Question
· Feb 1, 2021

IKO (Iris Kubernetes Operator) Service not redirecting dynamically to the correct Pod

In the context of IKO (Iris Kubernetes Operator) the question of Service not redirecting dynamically to the correct Pod is still pending.
In production this can be dangerous since an overload (or any other simpler problem) can cause you to change the main Pod and leave the application inoperable until we intervene.

Intersystems support warned that this is still an issue of IKO, but there are some possibilities that I am studying.

To explore an idea I had, I would like the help of this Forum to answer the following question:

Is there a way, via the non-iterative command line, to detect whether the current Iris instance is a primary member of Mirror or a backup?

I imagine it would be enough if I could detect whether a particular database is write-protected or not ...

I have access to the Linux terminal of the host machine with the "iris", "irissession" and other applications present or that can be installed.

Product version: IRIS 2020.3
Discussion (3)0
Log in or sign up to continue

I had this idea about using the "ReadinessProbe" of the pod to define which one should be used by the service.

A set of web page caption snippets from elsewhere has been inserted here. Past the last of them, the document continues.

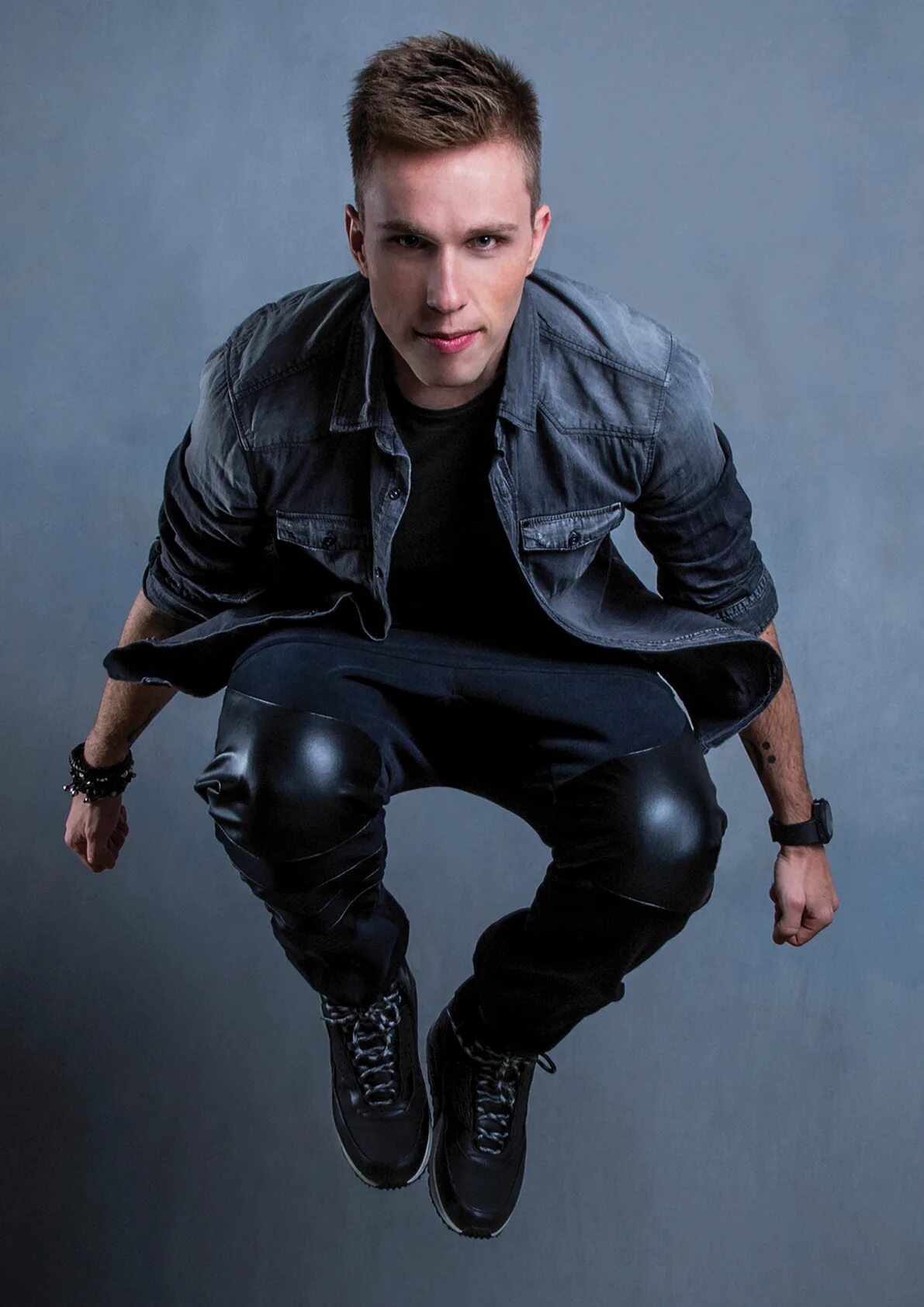 Nicky romero фото. Niki romero. Ники ромеро. Niki romero. Nicky romero iconic.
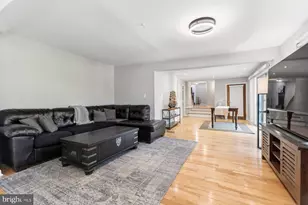 13911 Piscataway Dr, Fort Washington, MD 20744 - Photo 18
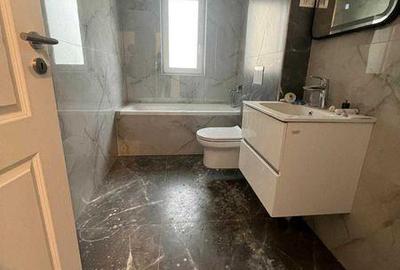 Apartament cu 2 camere în Torontalului - 6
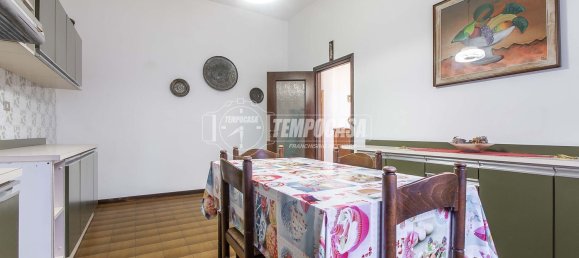 Villa de 3 habitaciónes en Olgiate Olona, Italy No. 202748 6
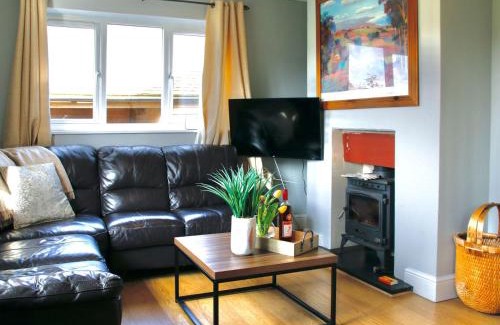 Binsted House | Willow Cottage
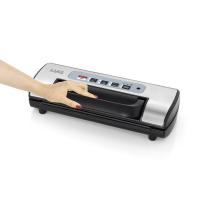 Product 4 image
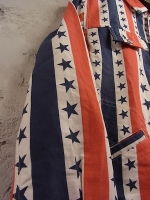 2013-03-29 10.18.48.jpg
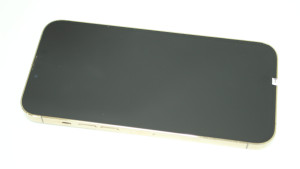 Мобільний телефон iPhone 13 Pro Max 256GB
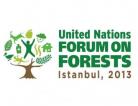 Forumpolesamoonturciya_138x106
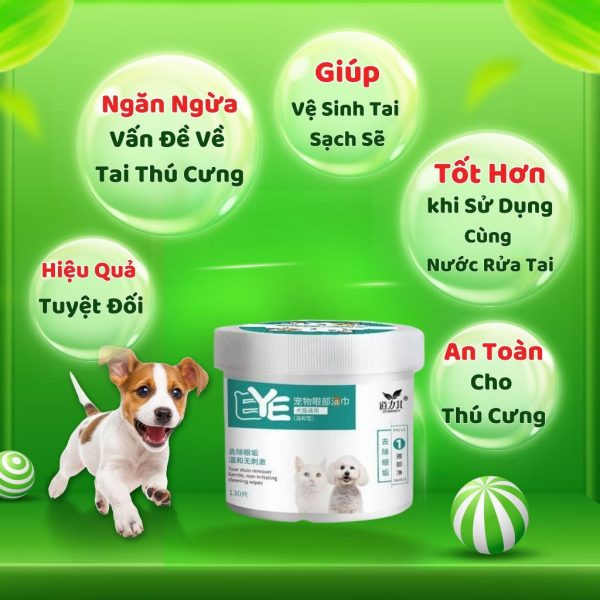 images-upload-woo2Ff0d4a762d7ebf1eacf9e479159c60cad.jpg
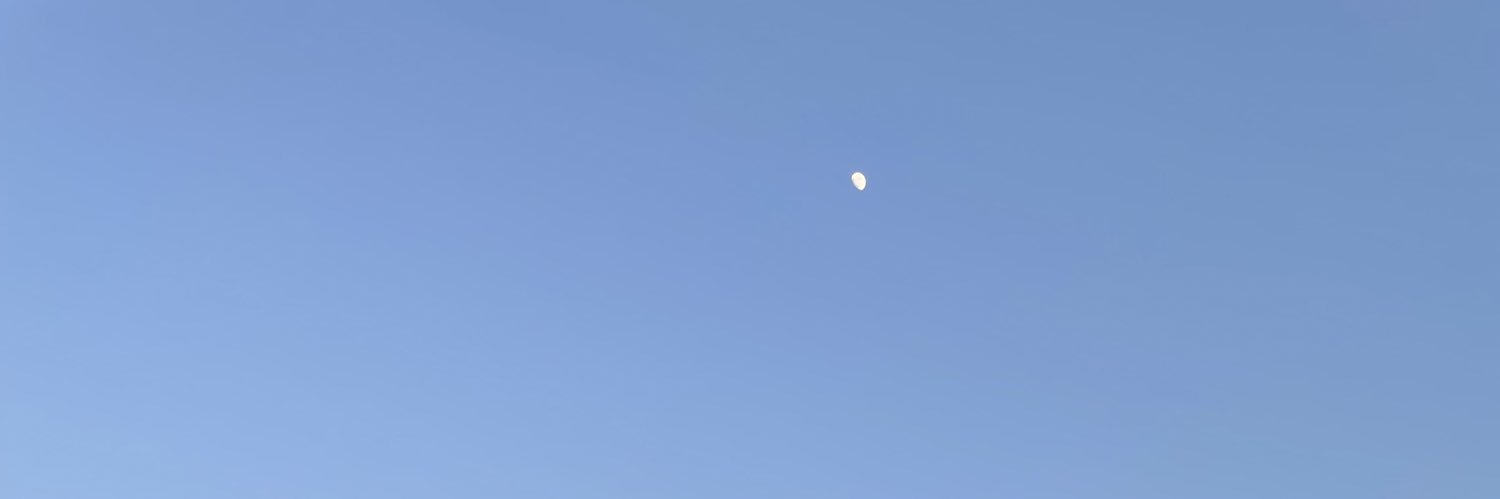 _mateogo's profile banner image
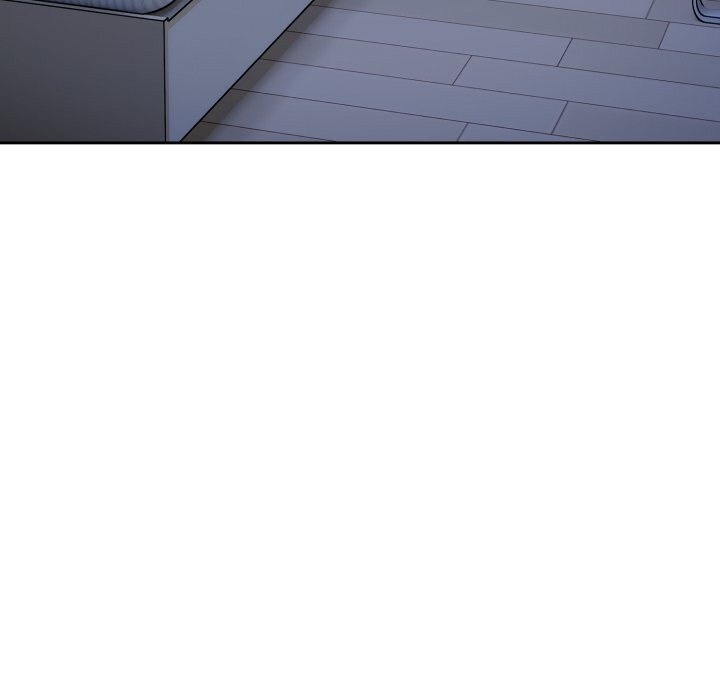 錯位的星辰第11話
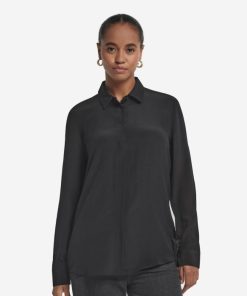 Greenweave.shope955d0daae 2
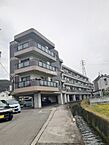 兵庫県姫路市西中島317：物件画像／大東建託リーシング株式会社 姫路店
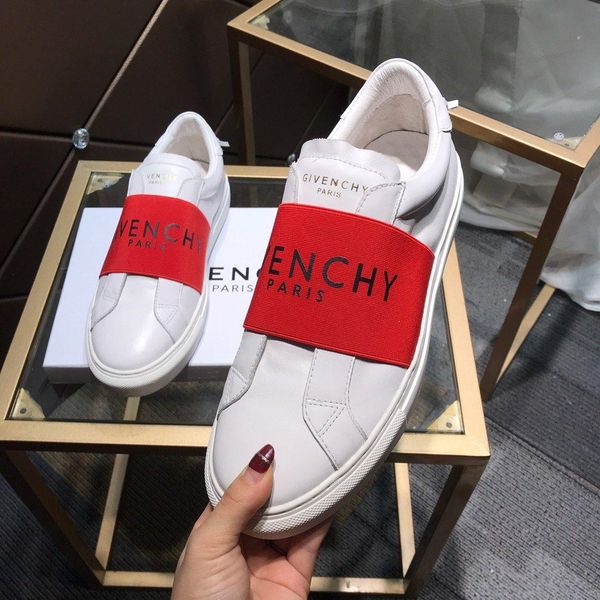 2021-2020f new high -grade leather elastic lace low -casual men 's shoes ,stylish and comfortable sneakers ,wild flat shoes ,size, Black
2021-2020f new high -grade leather elastic lace low -casual men 's shoes ,stylish and comfortable sneakers ,wild flat shoes ,size, Black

Like

        readinessProbe:
          exec:
            command:
            - wget
            - -qO
            - /dev/null
            - http://127.0.0.1:52773/csp/bin/mirror_status.cxw
          failureThreshold: 3
          initialDelaySeconds: 10
          periodSeconds: 10
          successThreshold: 1
          timeoutSeconds: 10

So in a mirror the backup member will not be ready and the main member will be ready and receiving service connections. 

The problem here is that I would have to manually change the service's selector and chose a better Rolling Update strategy for the STS (since new updated/recreated pods would never became "ready" without the main member dying first).

Well, that was just an idea...

Hi Jairton,

Usually, for applications with high multiuser query volume or with high volume data ingestion concurrently with high query volume, it is recommended the use of a compute node (see here for more details).

The application would connect to the compute nodes (via JDBC, for example) and the compute nodes connect to data nodes through ECP (Enterprise Cache Protocol), which is "mirror aware" and therefore knows which data node is active or passive.

You can connect each application to their own set of compute nodes, having a K8s service to load balance this set of compute nodes and taking advantage of the cache from similar queries (see here for more details).

However, if you need to connect directly to the data nodes, I followed @Bob Kuszewski approach of deploying another pod to check the mirror status of every IRIS mirror pair on a periodic basis and then set the intersystems.com/mirrorRole label to primary or backup accordingly, on the data nodes. Apparently it worked smoothly.

You can find all information here: https://github.com/kuszewski/iris-k3s/tree/main/mirror-labeler

Just remembering that this is still an unofficial code/workaround.
If you want, I'm happy to share with you the yaml that I used, containing everything from setting up IRIS Cluster to deploying the mirror labeler together with RBAC and the K8s service itself.

I'll set up a meeting with you to further discuss the options here.